Editor's Note: This story has been updated from its original version to reflect a statement from Kiko Milano.
In an exclusive email obtained by NYLON, an modeling agency on behalf of Europe-based cosmetics brand Kiko Milano — carried in the U.S. by Ulta — supposedly sent a casting email to a modeling agent requesting “no ethnics” for an upcoming campaign.
In a response given to NYLON, Kiko Milano denied the veracity of the email and gave the following statement: "At KIKO we are categorically against any form of racism and discrimination, and we have taken your article and the claims very seriously. After a thorough investigation on this today, we can state that at no point did KIKO request for a “no-ethnic” model. We have done an exhaustive internal review of all our communications to verify this. We did request to the producer for a mediterranean and a universal beauty, this part is correct."
The first few lines of the email obtained by NYLON and disputed by Kiko Milano read: “Hi guys, please let me know who you want to propose for this. The models must NOT be placed in Milan. Only younger than 25 years old. No ethnic models.” It then hyperlinked to the brand’s Instagram page.
The rest of the email detailed the shoot dates in Milan with photographer Alvaro Beamud Cortes asking for two separate models for two projects. A line in the email provided to NYLON reads: "universal beauty, not ethnic." Other descriptions for the casting in the email include: "Wonderful skin, beauty oriented.
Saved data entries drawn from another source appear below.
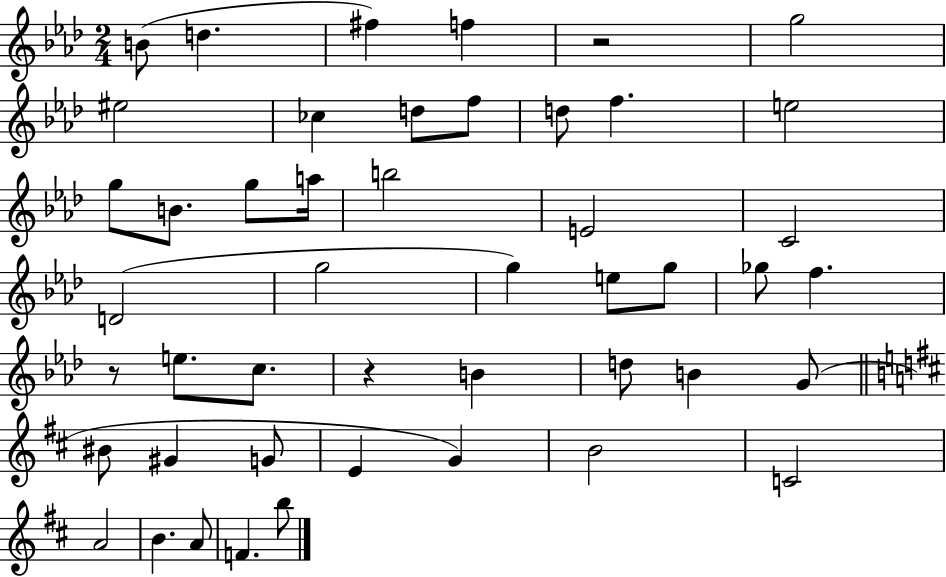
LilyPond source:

{
  \clef treble
  \numericTimeSignature
  \time 2/4
  \key aes \major
  b'8( d''4. | fis''4) f''4 | r2 | g''2 | \break eis''2 | ces''4 d''8 f''8 | d''8 f''4. | e''2 | \break g''8 b'8. g''8 a''16 | b''2 | e'2 | c'2 | \break d'2( | g''2 | g''4) e''8 g''8 | ges''8 f''4. | \break r8 e''8. c''8. | r4 b'4 | d''8 b'4 g'8( | \bar "||" \break \key b \minor bis'8 gis'4 g'8 | e'4 g'4) | b'2 | c'2 | \break a'2 | b'4. a'8 | f'4. b''8 | \bar "|."
}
It's extremely important that she doesn't have nose or lips retouched by surgeon. The brief is always the same: Caucasic, Mediterranean, blonde, brown, and black hair."
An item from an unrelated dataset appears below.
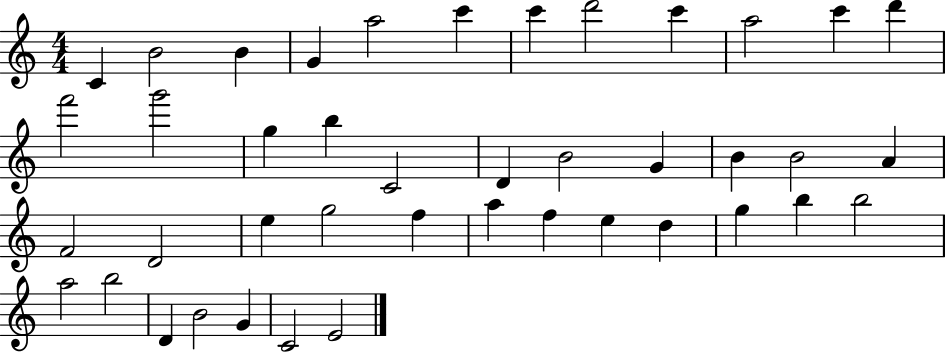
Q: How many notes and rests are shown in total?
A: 42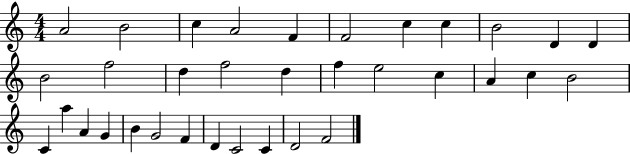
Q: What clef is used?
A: treble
In another section of the email, it says in capitalized and bolded letters "NO DIASTEMA" (gap teeth) and “NO ETHNICS.”
Assuming the contents of the email are legitimate, this email being shared with NYLON by a would-be whistleblower is just one example of the ways in which the beauty industry has been taken to task for its lack of diversity and blatant displays of racism. Over the summer, hundreds of brands came under fire for not being inclusive enough or treating their BIPOC employees harshly. Major names like Naomi Campbell and Munroe Bergdorf — who was infamously fired from L’Oréal for raising concerns over white supremacy, though they rekindled their working relationship earlier this year — have all spoken up about the pervasiveness of racism in beauty, but some players have been quicker to change action than others.